* [Your instructions]: In the data below, find each line containing the string "Monochrome" and return it.

(Stored entries)
::::::::::

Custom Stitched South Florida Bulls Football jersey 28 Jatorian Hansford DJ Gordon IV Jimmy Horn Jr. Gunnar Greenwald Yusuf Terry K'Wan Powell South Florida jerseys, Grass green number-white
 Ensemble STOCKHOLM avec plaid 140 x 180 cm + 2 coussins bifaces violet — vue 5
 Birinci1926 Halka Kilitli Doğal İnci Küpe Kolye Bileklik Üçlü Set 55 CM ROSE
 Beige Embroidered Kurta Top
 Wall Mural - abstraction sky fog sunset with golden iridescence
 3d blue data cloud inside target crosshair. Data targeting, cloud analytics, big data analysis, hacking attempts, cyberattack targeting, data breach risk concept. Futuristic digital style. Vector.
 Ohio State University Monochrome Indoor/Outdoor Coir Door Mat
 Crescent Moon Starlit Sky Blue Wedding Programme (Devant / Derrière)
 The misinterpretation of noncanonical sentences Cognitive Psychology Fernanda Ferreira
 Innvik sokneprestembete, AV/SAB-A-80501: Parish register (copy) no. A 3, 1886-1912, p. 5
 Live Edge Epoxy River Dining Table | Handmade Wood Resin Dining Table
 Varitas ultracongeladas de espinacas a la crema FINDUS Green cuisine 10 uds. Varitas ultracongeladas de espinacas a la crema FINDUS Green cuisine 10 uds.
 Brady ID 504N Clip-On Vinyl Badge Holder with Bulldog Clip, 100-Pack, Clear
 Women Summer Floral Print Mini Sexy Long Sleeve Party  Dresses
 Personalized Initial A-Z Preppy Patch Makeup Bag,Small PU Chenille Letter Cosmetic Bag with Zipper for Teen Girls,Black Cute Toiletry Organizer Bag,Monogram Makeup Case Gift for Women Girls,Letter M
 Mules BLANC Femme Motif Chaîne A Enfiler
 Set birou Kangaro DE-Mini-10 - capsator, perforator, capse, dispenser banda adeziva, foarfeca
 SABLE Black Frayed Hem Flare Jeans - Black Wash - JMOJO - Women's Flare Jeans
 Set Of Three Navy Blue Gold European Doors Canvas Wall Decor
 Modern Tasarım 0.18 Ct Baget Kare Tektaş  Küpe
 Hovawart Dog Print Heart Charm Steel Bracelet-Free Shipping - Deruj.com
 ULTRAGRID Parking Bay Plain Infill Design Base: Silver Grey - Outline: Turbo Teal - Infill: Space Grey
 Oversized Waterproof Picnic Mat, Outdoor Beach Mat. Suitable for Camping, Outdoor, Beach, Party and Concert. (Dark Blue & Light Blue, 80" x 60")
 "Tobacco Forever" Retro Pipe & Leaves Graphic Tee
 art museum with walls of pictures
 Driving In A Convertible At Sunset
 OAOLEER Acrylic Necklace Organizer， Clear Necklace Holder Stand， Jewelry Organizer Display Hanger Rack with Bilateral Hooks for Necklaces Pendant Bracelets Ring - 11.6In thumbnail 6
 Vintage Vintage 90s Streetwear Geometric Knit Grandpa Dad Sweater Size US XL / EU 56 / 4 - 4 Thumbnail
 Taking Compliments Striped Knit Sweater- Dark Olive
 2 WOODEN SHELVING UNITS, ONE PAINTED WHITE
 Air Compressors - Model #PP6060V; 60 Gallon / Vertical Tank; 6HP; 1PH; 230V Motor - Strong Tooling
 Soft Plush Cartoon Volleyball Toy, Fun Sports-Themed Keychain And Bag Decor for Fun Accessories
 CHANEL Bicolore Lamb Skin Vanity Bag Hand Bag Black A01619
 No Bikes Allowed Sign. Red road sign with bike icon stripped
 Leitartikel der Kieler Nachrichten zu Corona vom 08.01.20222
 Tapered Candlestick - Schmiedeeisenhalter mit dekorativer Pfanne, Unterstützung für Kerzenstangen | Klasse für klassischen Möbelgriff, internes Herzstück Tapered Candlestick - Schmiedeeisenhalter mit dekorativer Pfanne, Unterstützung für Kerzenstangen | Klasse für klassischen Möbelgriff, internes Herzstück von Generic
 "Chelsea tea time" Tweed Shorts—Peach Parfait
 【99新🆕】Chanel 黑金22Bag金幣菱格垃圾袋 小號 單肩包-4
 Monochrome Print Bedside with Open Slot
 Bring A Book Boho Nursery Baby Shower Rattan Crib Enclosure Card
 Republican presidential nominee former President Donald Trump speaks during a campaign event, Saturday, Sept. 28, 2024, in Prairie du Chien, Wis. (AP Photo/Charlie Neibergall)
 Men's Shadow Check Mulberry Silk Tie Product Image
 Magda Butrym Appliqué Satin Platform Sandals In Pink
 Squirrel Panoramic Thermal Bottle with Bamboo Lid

::::::::::

* [Answer box]:
 Ohio State University Monochrome Indoor/Outdoor Coir Door Mat
 Monochrome Print Bedside with Open Slot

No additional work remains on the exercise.